• _Task requirements_
Could you write out every record below exactly, leaving out any pictures?

• _Short text fragments from websites_
• • • • •

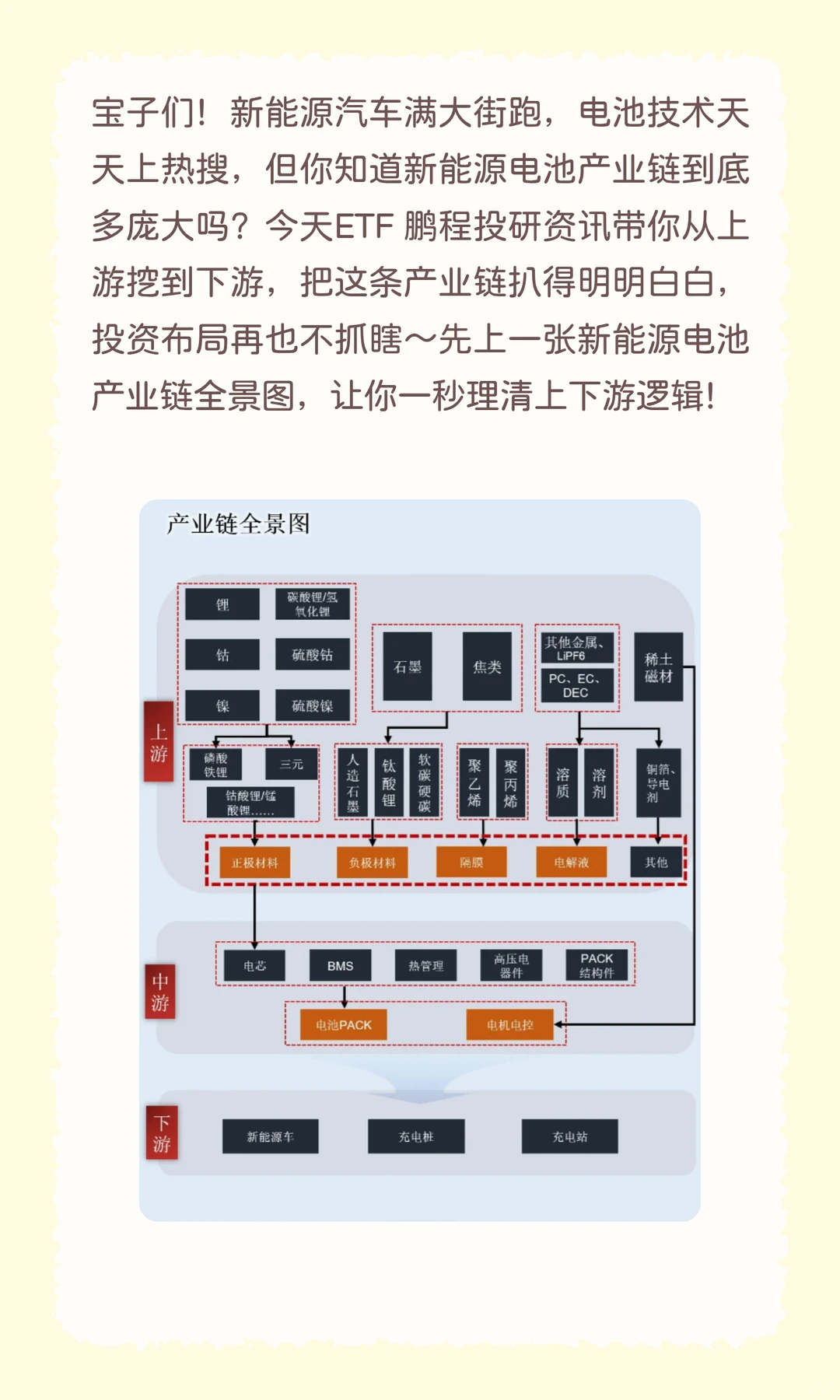 一天吃透新能源电池产业链！投资布局不再懵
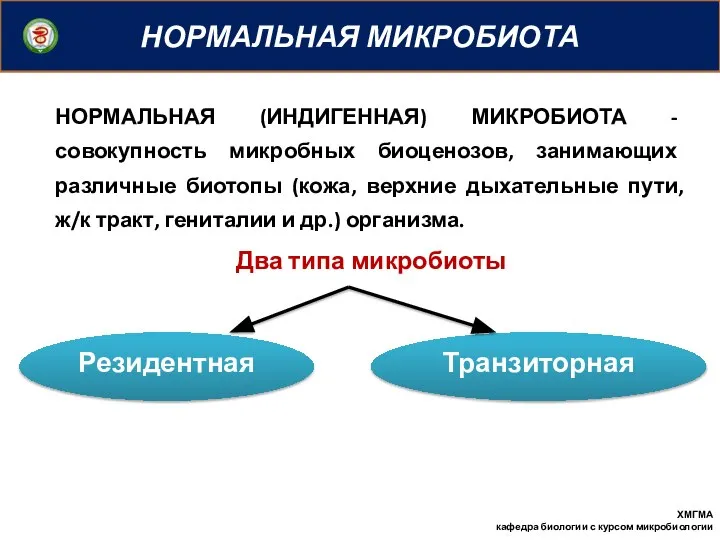 НОРМАЛЬНАЯ МИКРОБИОТА ХМГМА кафедра биологии с курсом микробиологии НОРМАЛЬНАЯ (ИНДИГЕННАЯ) МИКРОБИОТА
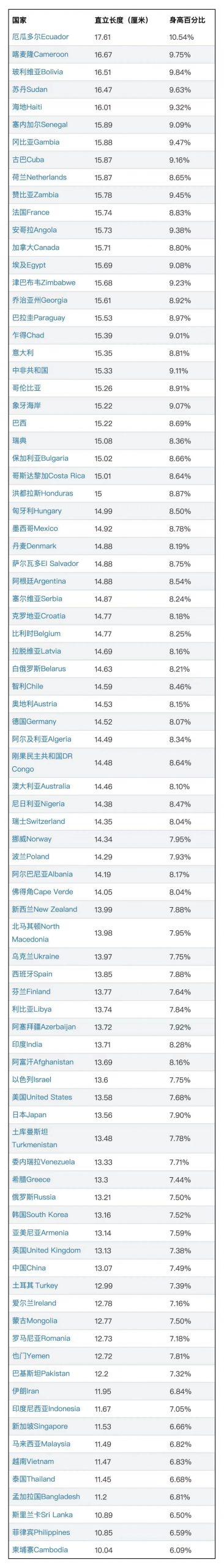 2022年全球各国丁丁尺寸大调查，最长17.61、最短是哪国？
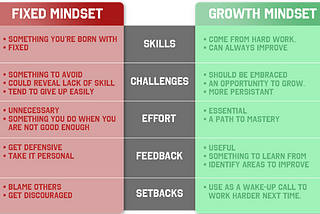 Unleash Your True Potential by Switching to a Growth Mindset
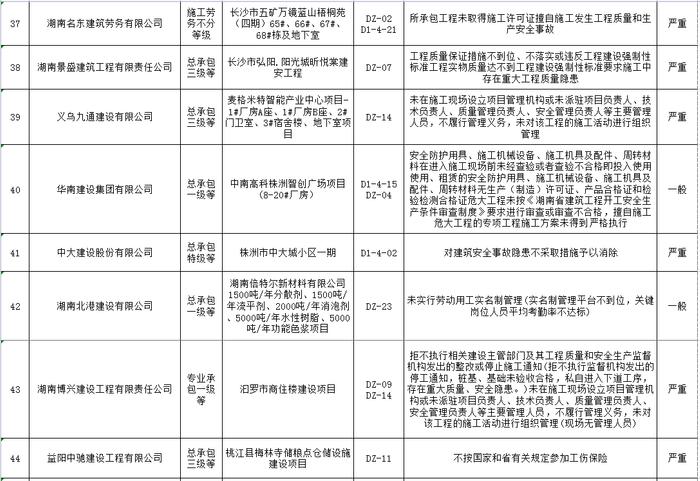 湖南省建筑市场责任主体不良行为记录名单公布  长沙五矿万镜蓝山梧桐苑项目未取得施工许可证开工被通报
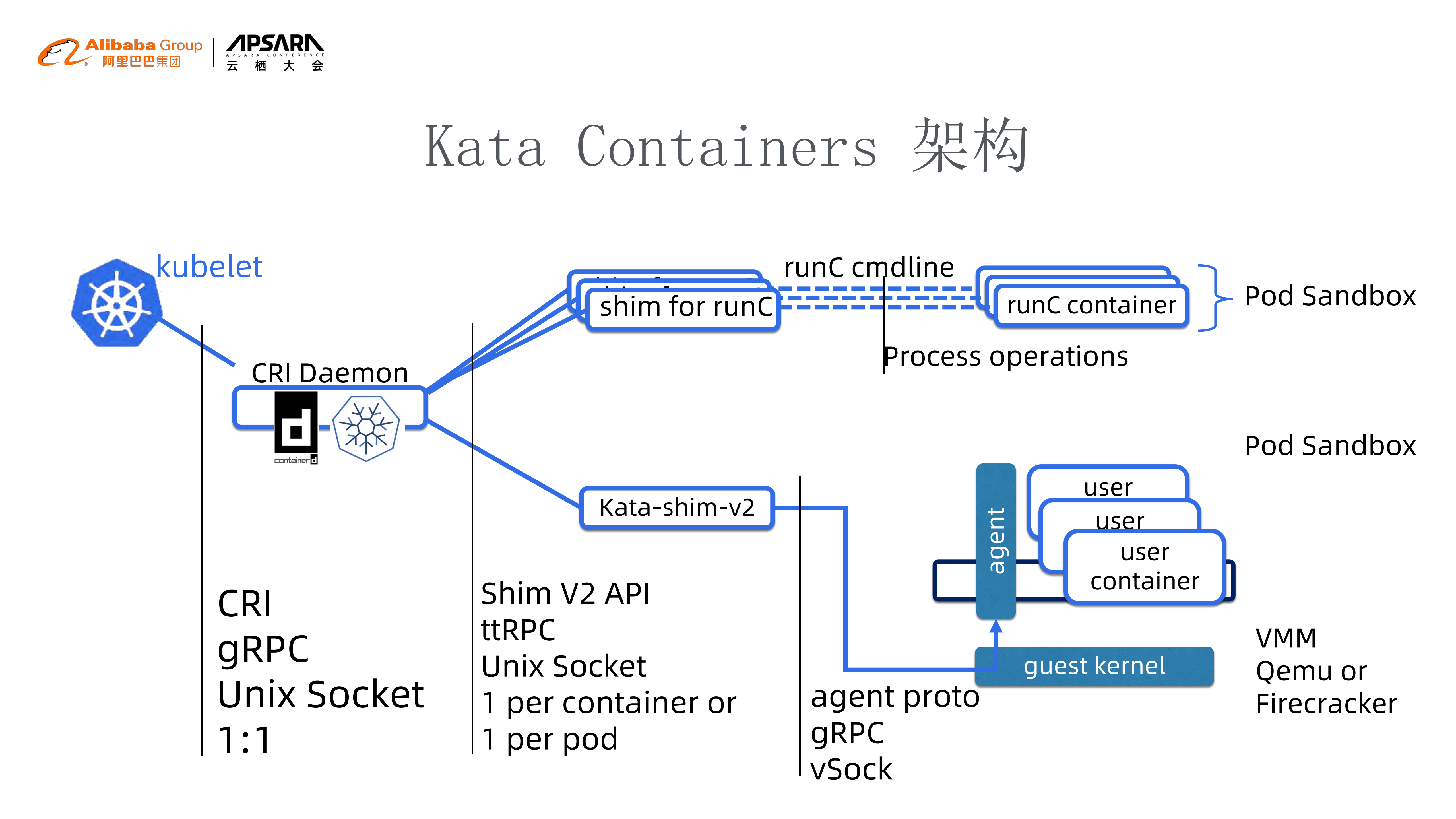 安全容器的发展与思考_ITIL之家(www.itilzj.com)_.PDF 第10页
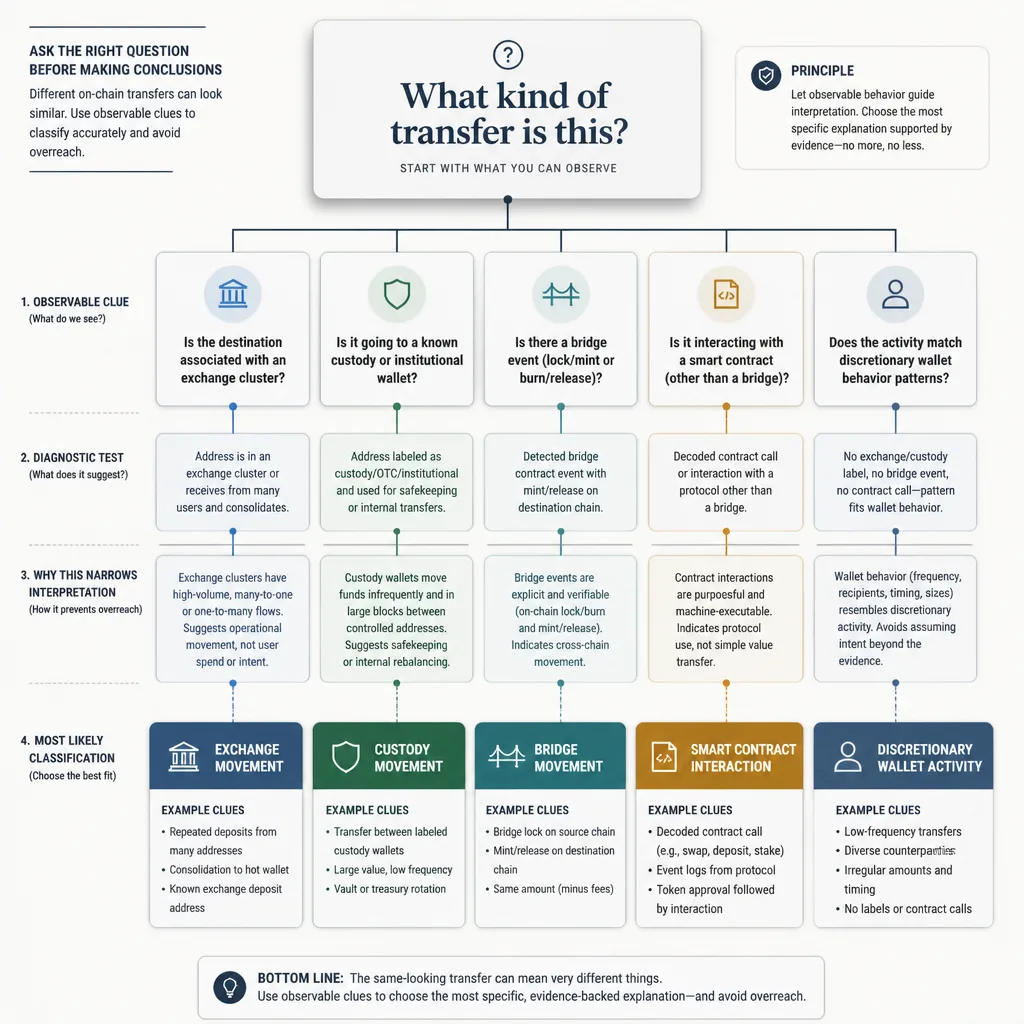 Flowchart that classifies a token transfer into exchange, custody, bridge, contract, or discretionary wallet activity using visible clues from labels, counterparties, and transaction type.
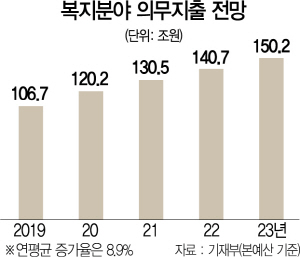 1615A04 복지분야 의무지출 전망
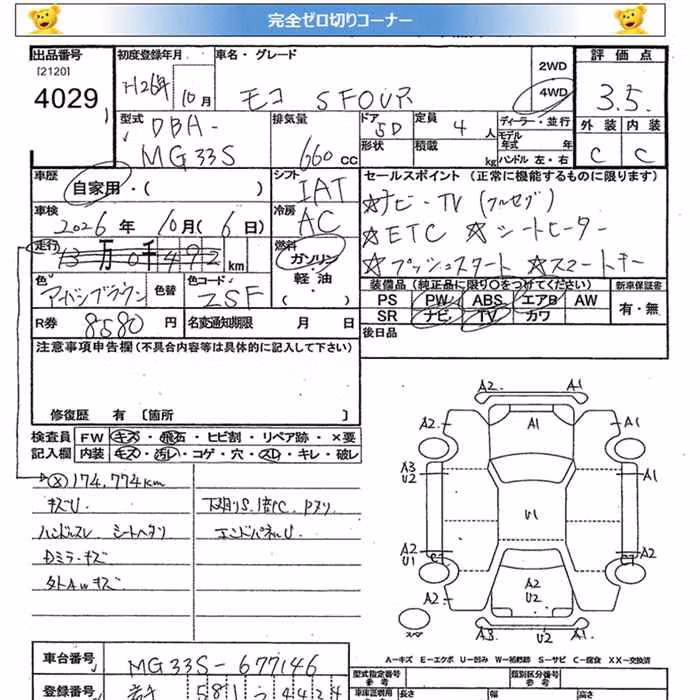 NISSAN MOCO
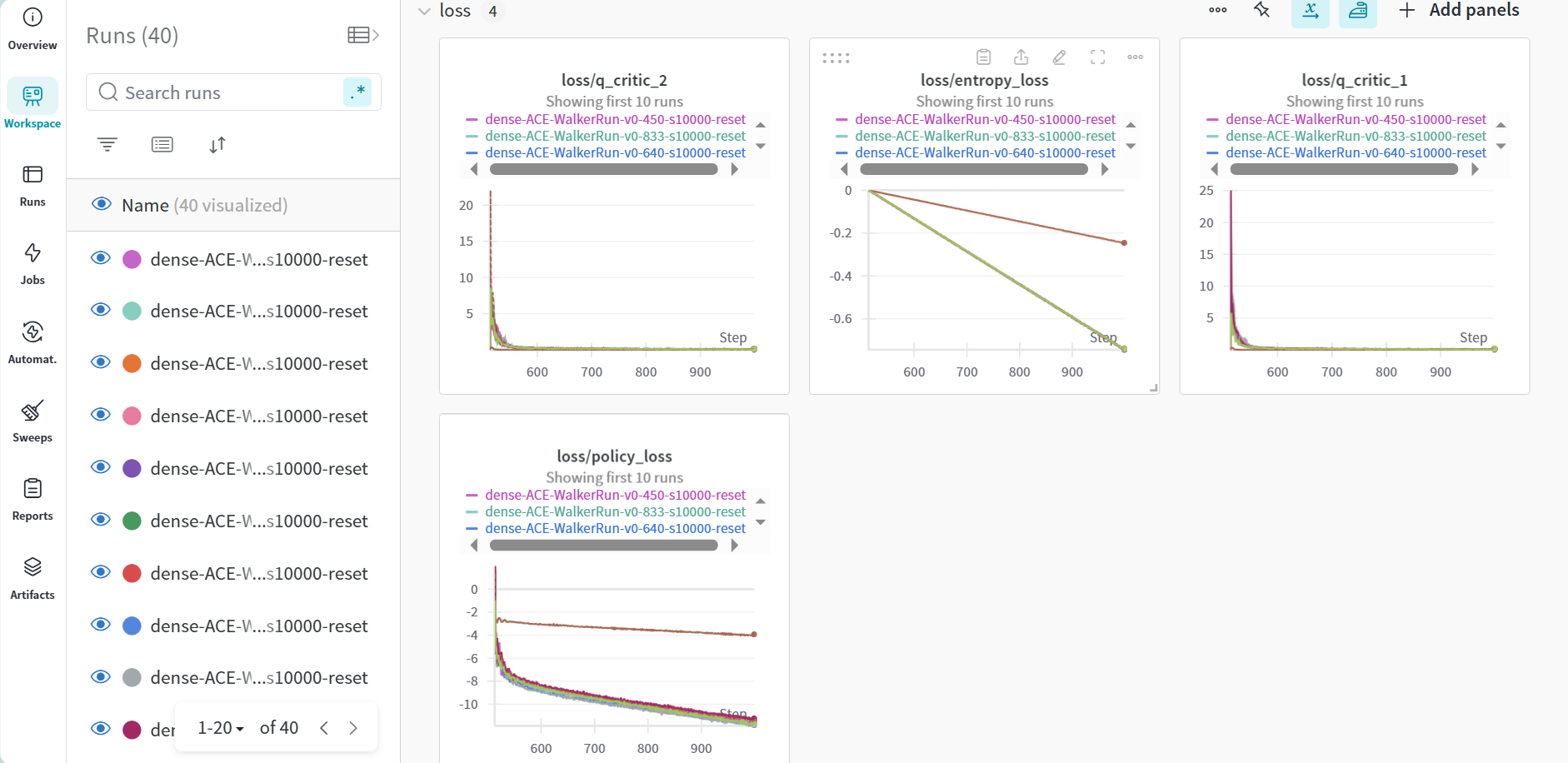 强化学习笔记之【ACE:Off-PolicyActor-CriticwithCausality-AwareEntropyRegularization】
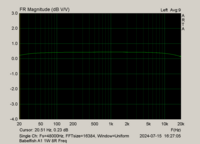 Babelfish A1 1W 8R Freq.png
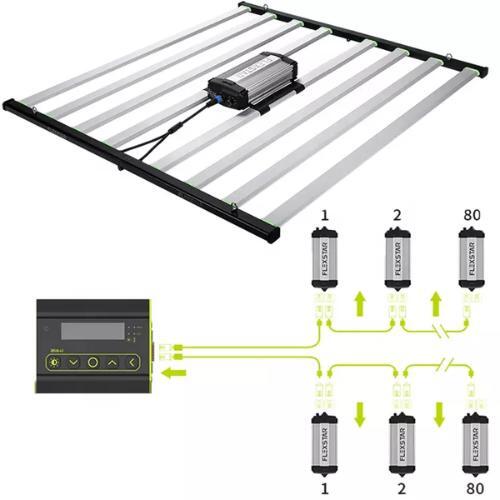 Sinowell Zeus L1 Master Grow Light SMART CONTROLLER for electronic ballasts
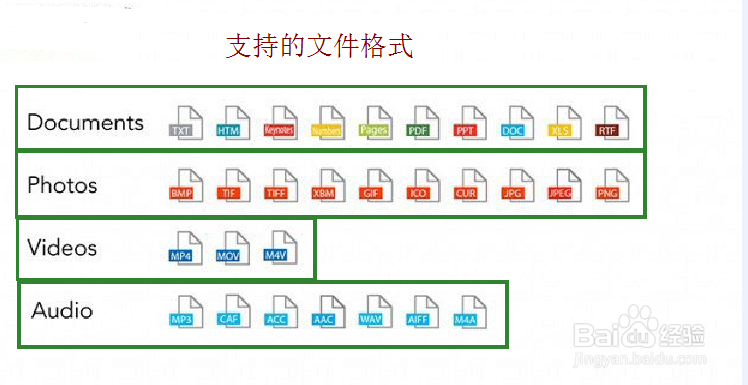 如何使用iPhone上的U盘 i-FlashDrive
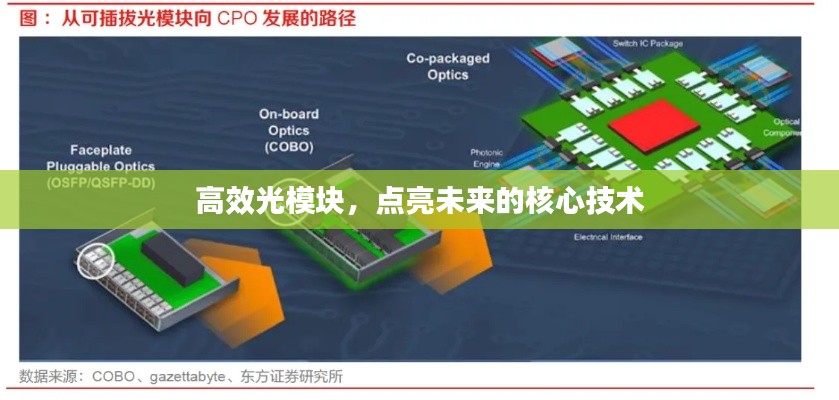 高效光模块,点亮未来的核心技术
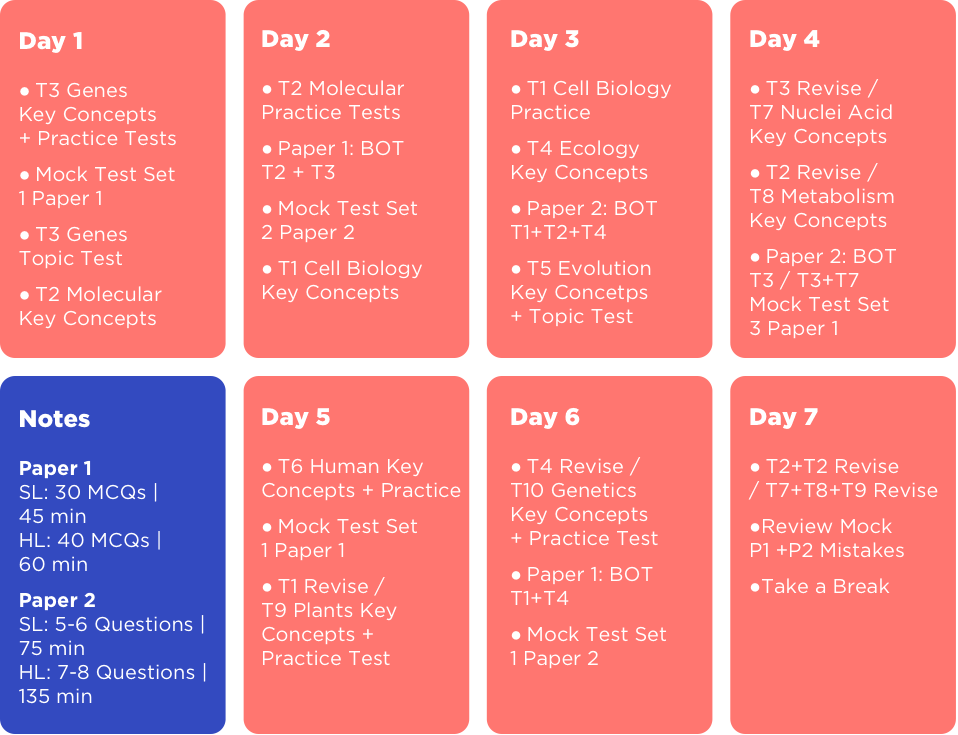 blen ibdp n24 exam prep series biology inside 1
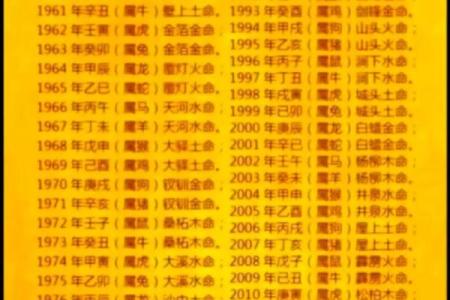 76年属龙的二婚在什么时候_76年属龙人2024年二婚良缘揭晓下半年姻缘最佳月份解析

• • • • •

• _Exercise response_
 一天吃透新能源电池产业链！投资布局不再懵
 НОРМАЛЬНАЯ МИКРОБИОТА ХМГМА кафедра биологии с курсом микробиологии НОРМАЛЬНАЯ (ИНДИГЕННАЯ) МИКРОБИОТА
 2022年全球各国丁丁尺寸大调查，最长17.61、最短是哪国？
 Unleash Your True Potential by Switching to a Growth Mindset
 湖南省建筑市场责任主体不良行为记录名单公布  长沙五矿万镜蓝山梧桐苑项目未取得施工许可证开工被通报
 安全容器的发展与思考_ITIL之家(www.itilzj.com)_.PDF 第10页
 Flowchart that classifies a token transfer into exchange, custody, bridge, contract, or discretionary wallet activity using visible clues from labels, counterparties, and transaction type.
 1615A04 복지분야 의무지출 전망
 NISSAN MOCO
 强化学习笔记之【ACE:Off-PolicyActor-CriticwithCausality-AwareEntropyRegularization】
 Babelfish A1 1W 8R Freq.png
 Sinowell Zeus L1 Master Grow Light SMART CONTROLLER for electronic ballasts
 如何使用iPhone上的U盘 i-FlashDrive
 高效光模块,点亮未来的核心技术
 blen ibdp n24 exam prep series biology inside 1
 76年属龙的二婚在什么时候_76年属龙人2024年二婚良缘揭晓下半年姻缘最佳月份解析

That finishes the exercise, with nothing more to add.